A Quarta-Feira Santa é, frequentemente, o dia mais silencioso e sombrio da Semana Santa. Na liturgia e na tradição cristã, este dia é conhecido como a “Quarta-Feira da Traição”. É o momento em que o drama da Paixão deixa de ser uma ameaça externa das autoridades e passa a ser uma ferida interna, nascida no seio do grupo dos Doze Apóstolos.
Enquanto Jesus se recolhe em Betânia, preparando o Seu espírito para a entrega total, na penumbra de Jerusalém consome-se o pacto que selará o Seu destino terreno.
O Pacto de Judas: O Preço de um Deus
O Evangelho de Mateus (26, 14-25) relata-nos o encontro gélido entre Judas Iscariotes e os príncipes dos sacerdotes. A pergunta de Judas é desarmante pela sua crueza: “Que me quereis dar e eu vo-Lo entregarei?”.
O preço fixado — trinta moedas de prata — não foi escolhido ao acaso. Segundo a Lei de Moisés (Êxodo 21, 32), trinta siclos era o valor de indemnização por um escravo morto. Ao aceitar este valor, as autoridades religiosas e Judas estão a afirmar que, para eles, a vida do Messias não vale mais do que a de um servo. Este é o “mistério da iniquidade”: a tentativa humana de colocar um preço Àquele que é o autor de toda a vida.

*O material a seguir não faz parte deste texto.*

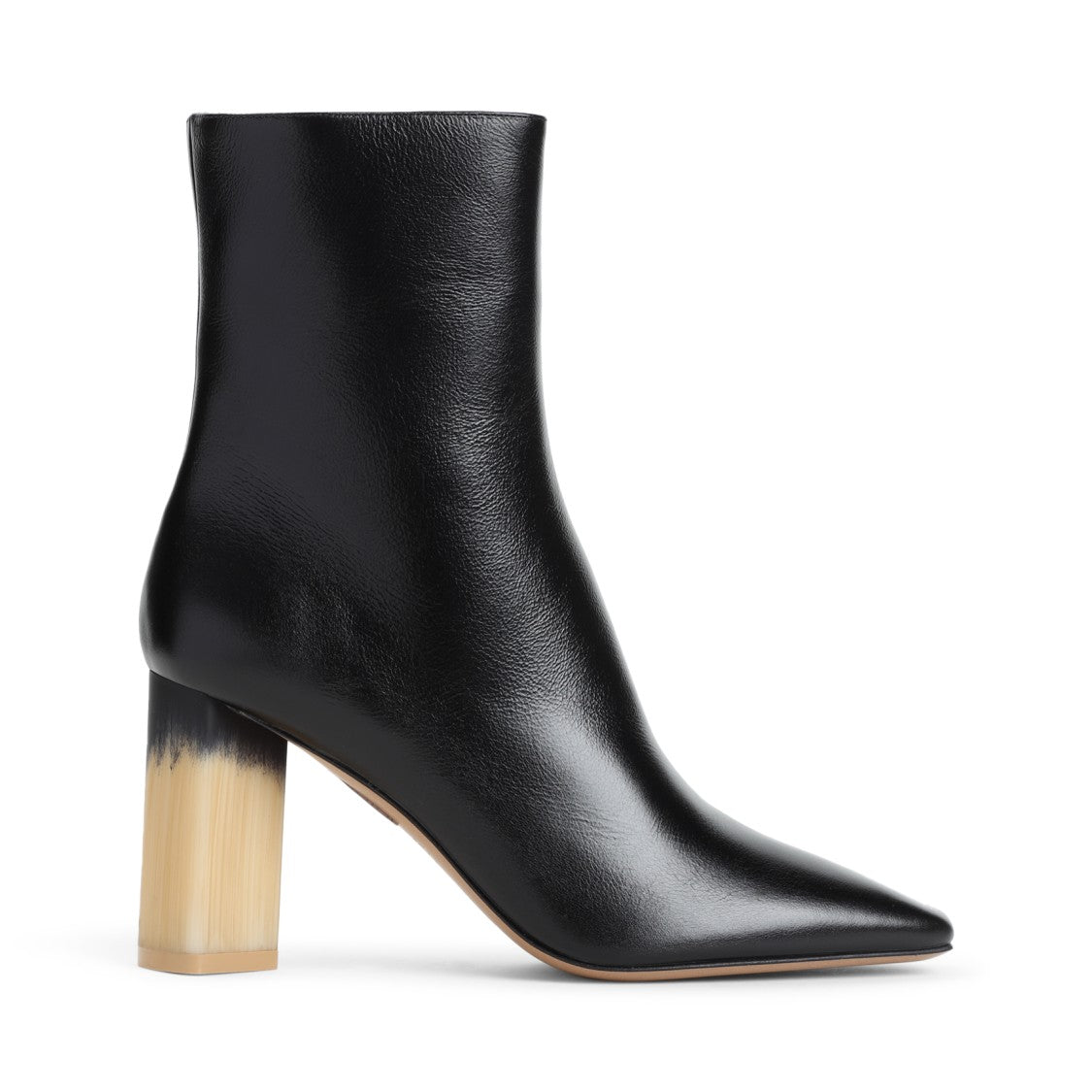 Chloé Pointed Toe Ankle Boots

Para o cristão de hoje, este episódio convida a uma reflexão desconfortável: Quantas vezes “vendemos” Cristo por conveniência? Sempre que trocamos os valores do Evangelho por um pequeno ganho pessoal, por uma aceitação social ou por um prazer passageiro, estamos a reatualizar as “trinta moedas” de Judas no nosso quotidiano.
A Tristeza de Jesus: “Um de vós me entregará”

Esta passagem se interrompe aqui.